London Bach Society[edit]

In 1946 Steinitz founded the (South) London Bach Society with the aim of performing Bach’s works in their original form, free from the romantic exaggerations which had been habitual from the Victorian era and using appropriate editions. From 1950 onwards Bach's works were performed in the German language, a controversial move at the time as the language was still an enemy tongue. In 1952 Steinitz directed the first performance in Britain of Bach’s St Matthew Passion in its complete and original German form using the 1736 score. The presentation was a conscious attempt to 'get back to Bach in its original form' that has since been acknowledged as a key moment in the move towards performing Bach's music according to period style and to scale. The annual performances that followed became a highlight of the musical calendar, were broadcast regularly and drew a Who's Who of solo artistry to the platform. Through these and his other influential Bach projects and performances, Steinitz is widely acknowledged to be a pioneer in the field, a key figure in the British Bach revival of the 20th century.
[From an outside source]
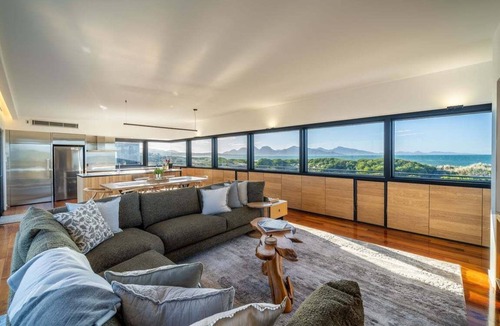 Dolphin Sands House | Elements - Freycinet Luxury Hosts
The word "South" was dropped from the London Bach Society’s title in 1952, and later Steinitz embarked on the mammoth task of performing all 208 of Bach’s extant cantatas to British audiences. This project was begun in November 1958 and completed in December 1987, just a few months before Steinitz’s death. In 1968 he founded the Steinitz Bach Players, a group of professional players who shared Steinitz’s ideals of authentic performance. The playing style complemented the singing style of the choir in the cantatas and passions and their performances of the St Matthew Passion – and sometimes the St John Passion – were eagerly awaited annual events, generally given in prominent London churches. Performances given beyond the capital brought the singers and players to leading British Festivals, and there were frequent tours abroad, including United States, Israel, German Democratic Republic (1964 and 1983, including St. Thomas' Church Leipzig both times) and Bulgaria.
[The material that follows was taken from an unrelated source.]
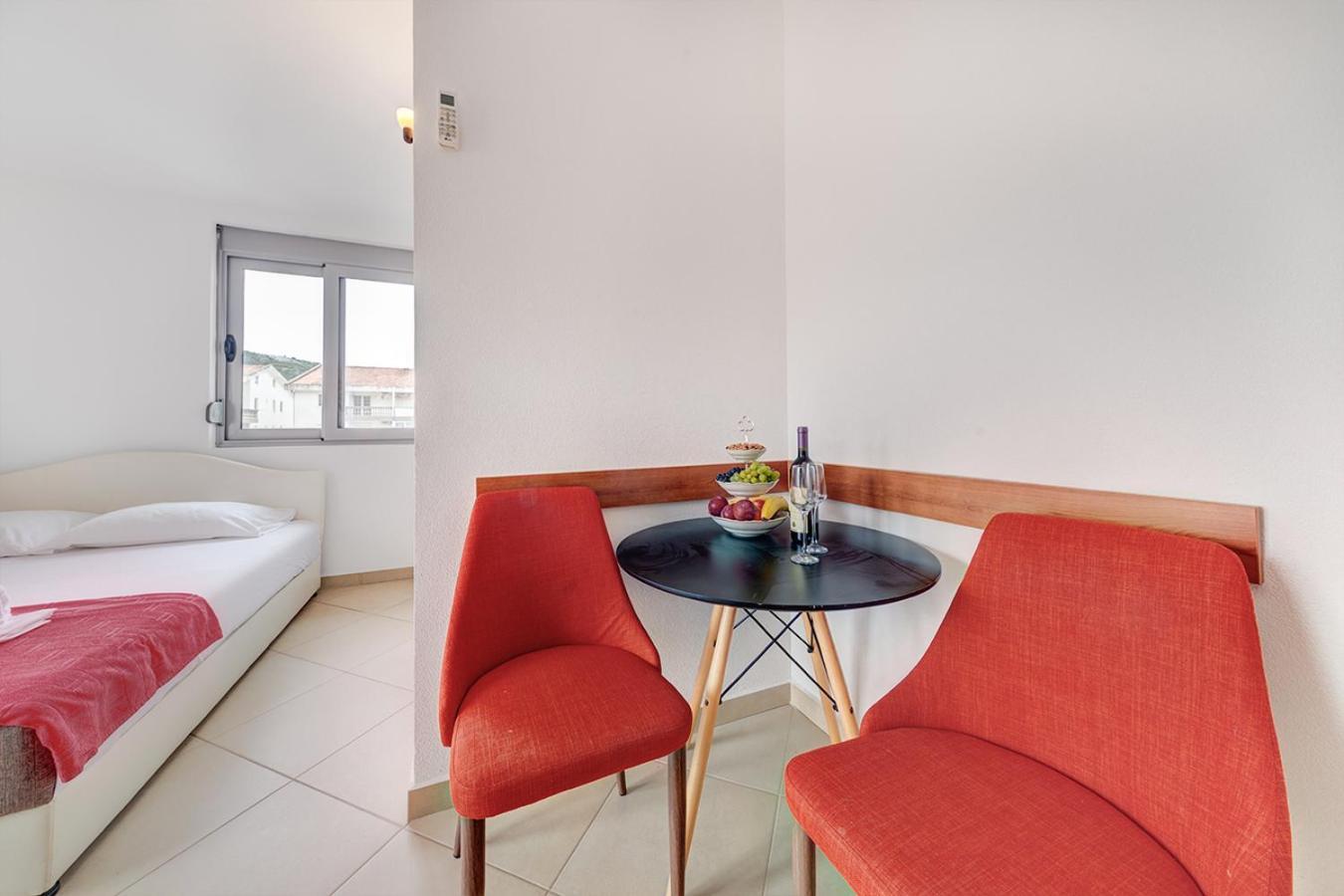 Delfin Apartmani Sutomore Cameră foto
Steinitz’s music making was not restricted to Bach and other Baroque composers. He was a champion of contemporary, mostly British, composers. Commissions and first performances were established in the 1950s and 1960s and included works by Stravinsky (Canticum Sacrum, guest conducted by Robert Craft, in 1956), Bruno Maderna, Luigi Dallapiccola, Peter Maxwell Davies, John Tavener, Anthony Milner, Stanley Glasser (sung in Zulu), Christopher Brown, Geoffrey Burgon and his own pupil Nicholas Maw.

In conjunction with Joan Brocklebank, Steinitz also started another choral and chamber orchestral society in 1955, the Dorset Bach Cantata Club. At the time of its foundation, Steinitz was already contemplating the presentation of a more considered cycle of Bach's cantatas with his London Bach Society, and directing DBCC weekends not only enabled him to create more time to study and perform the cantatas but also to extend knowledge of them to a wider circle. The Dorset Bach Cantata Club remains the only one of its type in the country and in 2016 celebrated its 60th anniversary. In 2009, Steinitz' centenary year, the group dedicated its October meeting to its founder and first conductor.
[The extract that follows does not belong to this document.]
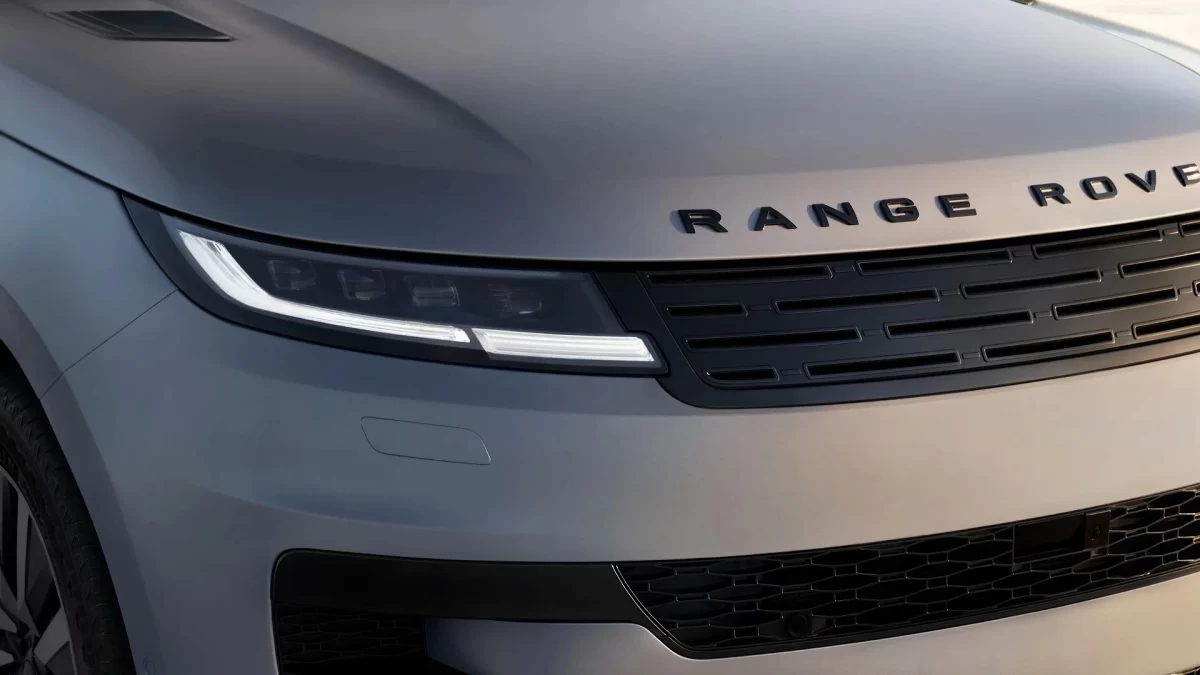 Range Rover Sport’un ön farı ve ön ızgarasının yakın planı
Scholarship, honours and personal life[edit]

Steinitz’s scholarship and profound understanding of his subject did not prevent him from trusting his players and singers on matters of technique and interpretation. This mutual trust led to some memorable readings and glowing praise in the national press. "All of Bach’s music is dance music except for the recitatives" he would tell his musicians.

His publications include the chapter on German church music in the 18th century 'The New Oxford History of Music, to many harmony textbooks for music students as well as books entitled Bach’s Passions, Bach for Choirs, and Performing Bach’s Vocal Music. There are also numerous letters and articles published by The Musical Times from the 1950s to 1980s and in various American Journals including that of the American Choral Directors Association (ACDA).

Steinitz was a fellow of the Royal Academy of Music and Royal College of Organists. He was appointed an Officer of the Order of the British Empire (OBE) in 1985, the Bach ter-centenary year. However, he would wish Bach to have the last honour: a portrait of the great composer would often be leaning against the conductor's rostrum, and then held high to rapturous applause at the end of the concert.

Steinitz died on 21 April 1988 at home in his beloved 18th-century cottage in Old Oxted village after a short illness. He was a devout Quaker who held a passionate belief that music could contribute to peace by bridging political divides.

A public memorial to him was placed in the Cloister of St Bartholomew-the-Great, West Smithfield, in the City of London. It was provided by public subscription, created by Richard Kindersley and unveiled in 1991 by the serving Lord Mayor of London Sir Alexander Grahame GBE. The ceremony was followed by an all-Bach concert that reflected the musical forces Steinitz was advocating, now being handed on to the next generation to take forward. The programme of Bach's seasonal cantatas, the famous Chaconne and Third Suite was given to a distinguished audience of public figures, musicians and supporters. It was a fitting memorial and provided encouragement for the future, the seamless continuity Steinitz wanted so much to take place after his death.

At the opening of the London Bach Festival that celebrated the LBS 50th anniversary in 1996, the composer John Tavener paid tribute to Steinitz for his contribution to British musical life and to the London Bach Society. He said: "I do not think that Paul was ever truly recognised and I think that England should hang its head in shame…… without him the London Bach Society would not have existed. "

Steinitz is survived by his wife Margaret, whom he married in 1976, and by two sons, one of whom is the founder of the Huddersfield Contemporary Music Festival Professor Richard Steinitz, and a daughter from previous marriages. Today Mrs Steinitz continues her husband's work and has developed the London Bach Society to incorporate Steinitz Bach Players and an annual Bachfest, and she is artistic director. In 2001, she became an honorary associate of the Royal Academy of Music (Hon.ARAM) and was awarded the Officer's Cross of the German Order of Merit in 2006.

Steinitz' centenary was reflected appropriately at the London Bach Society's Bachfest in 2009 and by other organisations with whom he was closely associated. Care was taken to present a series that was active rather than passive in keeping with Steinitz' own approach to Bach study and performance. A concert in the Royal Academy of Music/Kohn Foundation Bach Cantata series was dedicated to him, a Steinitz Bach String Prize to run for three years was inaugurated at the Royal Welsh College of Music and Drama, a special Bach Cantata concert performed by Steinitz Bach Players and an array of contemporary Bach singers was presented in the Priory Church of St. Bartholomew the Great and a new 18–30 Bach Club founded. In 2010 a development campaign was launched at the London Bach Society's 20th Bachfest entitled "Bach for Life", an ongoing project, the chief aim of which is to secure a central headquarters for the London Bach Society at some point in the future. Having just celebrated its 70th anniversary in November 2016, the LBS works to a strategic plan and programme of work planned up to 2021, the society's 75th anniversary.